5. On this question Mr. Chatterjee relied upon the decision in Ex-Servicemen Enterprises (P.) Ltd. v. Sumey Singh reported in AIR 1976 Delhi 56. This decision was also relied upon by the learned Munsif in passing the orders which have been challenged in this Rule. But it is to be noticed that in that case the execution case had not yet been started and there was no question of merger of the decree of the trial court with the decree of the lower appellate court as is the case here. Mr. Das Gupta has defetended that after a judgment has been delivered and a decree has been signed, those can be altered only under the provisions of Order 20. Rule 3 of the Code of Civil Procedure which provides that the judgment once signed shall not afterwards be altered or added to save as provided by Section 152 or on review. In the present case there was no question of application of Section 152 or review and therefore it was not open to the court to alter the judgment.

6. Mr. Chatterjee has contended on behalf of the opposite party that the court below was justified in allowing the amendment on the authority of the decision in Manindranath Biswas v. Radhashyam Biswas reported in : AIR1953Cal676 . He has submitted that the court has inherent power to allow amendment of the execution petition.
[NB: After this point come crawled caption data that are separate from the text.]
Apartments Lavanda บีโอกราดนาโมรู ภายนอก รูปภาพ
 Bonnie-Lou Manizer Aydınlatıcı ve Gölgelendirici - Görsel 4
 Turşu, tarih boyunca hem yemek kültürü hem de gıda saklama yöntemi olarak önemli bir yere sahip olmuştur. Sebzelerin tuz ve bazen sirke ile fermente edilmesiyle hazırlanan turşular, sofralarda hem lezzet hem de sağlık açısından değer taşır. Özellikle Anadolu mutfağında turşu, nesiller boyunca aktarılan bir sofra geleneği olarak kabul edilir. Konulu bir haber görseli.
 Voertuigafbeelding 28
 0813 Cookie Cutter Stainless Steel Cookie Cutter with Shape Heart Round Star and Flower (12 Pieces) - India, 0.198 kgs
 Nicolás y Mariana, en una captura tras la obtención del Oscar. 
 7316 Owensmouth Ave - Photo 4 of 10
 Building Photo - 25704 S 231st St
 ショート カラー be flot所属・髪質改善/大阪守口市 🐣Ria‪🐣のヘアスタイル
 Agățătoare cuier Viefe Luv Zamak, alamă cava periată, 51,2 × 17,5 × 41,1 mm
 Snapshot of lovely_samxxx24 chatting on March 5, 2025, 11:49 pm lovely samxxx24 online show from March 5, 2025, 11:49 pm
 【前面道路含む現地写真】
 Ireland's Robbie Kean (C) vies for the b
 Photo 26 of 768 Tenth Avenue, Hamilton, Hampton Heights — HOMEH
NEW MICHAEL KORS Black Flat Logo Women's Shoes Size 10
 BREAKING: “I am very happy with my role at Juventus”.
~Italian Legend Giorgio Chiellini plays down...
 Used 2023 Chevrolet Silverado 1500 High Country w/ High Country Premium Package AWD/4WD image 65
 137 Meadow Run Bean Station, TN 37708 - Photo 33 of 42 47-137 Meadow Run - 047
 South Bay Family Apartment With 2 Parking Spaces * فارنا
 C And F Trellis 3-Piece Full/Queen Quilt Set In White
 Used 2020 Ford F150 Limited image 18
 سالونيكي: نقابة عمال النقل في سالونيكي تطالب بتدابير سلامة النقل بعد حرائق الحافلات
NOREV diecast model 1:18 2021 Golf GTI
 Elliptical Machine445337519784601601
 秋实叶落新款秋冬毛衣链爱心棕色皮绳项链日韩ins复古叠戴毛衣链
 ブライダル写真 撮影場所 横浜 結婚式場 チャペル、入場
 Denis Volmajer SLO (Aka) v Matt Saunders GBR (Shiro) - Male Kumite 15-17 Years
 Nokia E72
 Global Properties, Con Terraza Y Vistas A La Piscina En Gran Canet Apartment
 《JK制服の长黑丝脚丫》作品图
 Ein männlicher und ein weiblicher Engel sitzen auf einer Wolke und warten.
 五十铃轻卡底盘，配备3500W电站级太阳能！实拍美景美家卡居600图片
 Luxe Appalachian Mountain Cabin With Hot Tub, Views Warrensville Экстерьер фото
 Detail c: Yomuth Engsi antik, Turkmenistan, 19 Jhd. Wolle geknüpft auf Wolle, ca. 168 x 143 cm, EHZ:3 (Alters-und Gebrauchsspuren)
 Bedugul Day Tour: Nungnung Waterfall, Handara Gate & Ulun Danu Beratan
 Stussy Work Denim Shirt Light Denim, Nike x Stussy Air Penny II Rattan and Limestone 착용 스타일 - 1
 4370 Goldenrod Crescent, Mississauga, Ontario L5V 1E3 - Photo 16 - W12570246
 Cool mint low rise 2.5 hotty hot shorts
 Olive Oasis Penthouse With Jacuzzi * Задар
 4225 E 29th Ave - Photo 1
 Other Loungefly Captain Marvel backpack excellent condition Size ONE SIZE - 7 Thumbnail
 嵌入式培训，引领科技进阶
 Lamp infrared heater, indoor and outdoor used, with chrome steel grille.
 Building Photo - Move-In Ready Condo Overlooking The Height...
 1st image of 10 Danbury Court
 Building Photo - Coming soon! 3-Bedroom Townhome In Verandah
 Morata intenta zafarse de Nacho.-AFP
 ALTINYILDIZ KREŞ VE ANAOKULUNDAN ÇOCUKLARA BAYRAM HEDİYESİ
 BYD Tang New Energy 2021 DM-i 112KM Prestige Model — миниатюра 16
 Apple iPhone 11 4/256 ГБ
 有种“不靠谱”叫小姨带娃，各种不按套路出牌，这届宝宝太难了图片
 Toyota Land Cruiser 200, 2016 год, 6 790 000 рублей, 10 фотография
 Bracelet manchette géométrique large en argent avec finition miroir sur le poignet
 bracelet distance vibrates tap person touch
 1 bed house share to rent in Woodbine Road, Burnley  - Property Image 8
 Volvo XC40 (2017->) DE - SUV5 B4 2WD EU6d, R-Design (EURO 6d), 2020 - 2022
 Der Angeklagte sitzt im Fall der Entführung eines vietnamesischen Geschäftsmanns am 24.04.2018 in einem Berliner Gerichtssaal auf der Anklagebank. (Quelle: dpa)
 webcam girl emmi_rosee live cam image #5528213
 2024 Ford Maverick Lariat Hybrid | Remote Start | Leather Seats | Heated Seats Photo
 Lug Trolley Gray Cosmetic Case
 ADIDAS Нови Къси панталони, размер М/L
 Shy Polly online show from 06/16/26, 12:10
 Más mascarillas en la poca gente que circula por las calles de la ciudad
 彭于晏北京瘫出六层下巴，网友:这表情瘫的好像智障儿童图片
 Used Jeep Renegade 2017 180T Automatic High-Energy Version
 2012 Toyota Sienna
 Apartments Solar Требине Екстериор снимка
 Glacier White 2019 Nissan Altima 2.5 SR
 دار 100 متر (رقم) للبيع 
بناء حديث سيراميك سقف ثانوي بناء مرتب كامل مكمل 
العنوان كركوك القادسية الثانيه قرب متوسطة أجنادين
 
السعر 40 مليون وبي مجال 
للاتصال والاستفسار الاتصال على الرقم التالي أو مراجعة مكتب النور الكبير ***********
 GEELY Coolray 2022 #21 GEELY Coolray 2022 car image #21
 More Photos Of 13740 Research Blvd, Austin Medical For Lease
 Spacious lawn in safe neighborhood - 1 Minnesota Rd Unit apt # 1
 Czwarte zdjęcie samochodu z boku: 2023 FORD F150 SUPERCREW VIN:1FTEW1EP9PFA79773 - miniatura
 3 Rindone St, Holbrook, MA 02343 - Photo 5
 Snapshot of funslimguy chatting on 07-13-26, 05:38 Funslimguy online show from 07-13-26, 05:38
7. In that case there was a valid execution petition pending before the executing court and in the circumstances of the case it was held that the court had jurisdiction to allow amendment of the execution petition. But that is not the case here. Here the execution petition which was originally filed and the execution case which was started on the basis thereof, namely Title Execution Case No. 40 of 1971 had been disposed of on full satisfaction of the decree by execution of the kobala through court on July 29, 1972. After the disposal of the first execution case as aforesaid, the opposite party filed a second application for execution on August 12. 1976 for delivery of possession. The prayer for delivery of possession was not included in the suit and consequently no such relief was granted in the decree. The opposite party wanted to include such a prayer in the plaint so that she could obtainsuch a relief in the decree and for that purpose she filed an application for amendment of the plaint. The position that emerges from the authority cited by the parties is that such an application cannot be allowed for enabling the plaintiff-opposite party to obtain the relief which she is now asking for. In that view of the matter, it must be held that the court below was not right in passing the orders moved against.

8. This Rule is therefore made absolute. The orders moved against are set aside and the application for amendment of the plaint filed by the opposite party is dismissed without any order as to costs.

9. There will be no order as to costs in this Rule.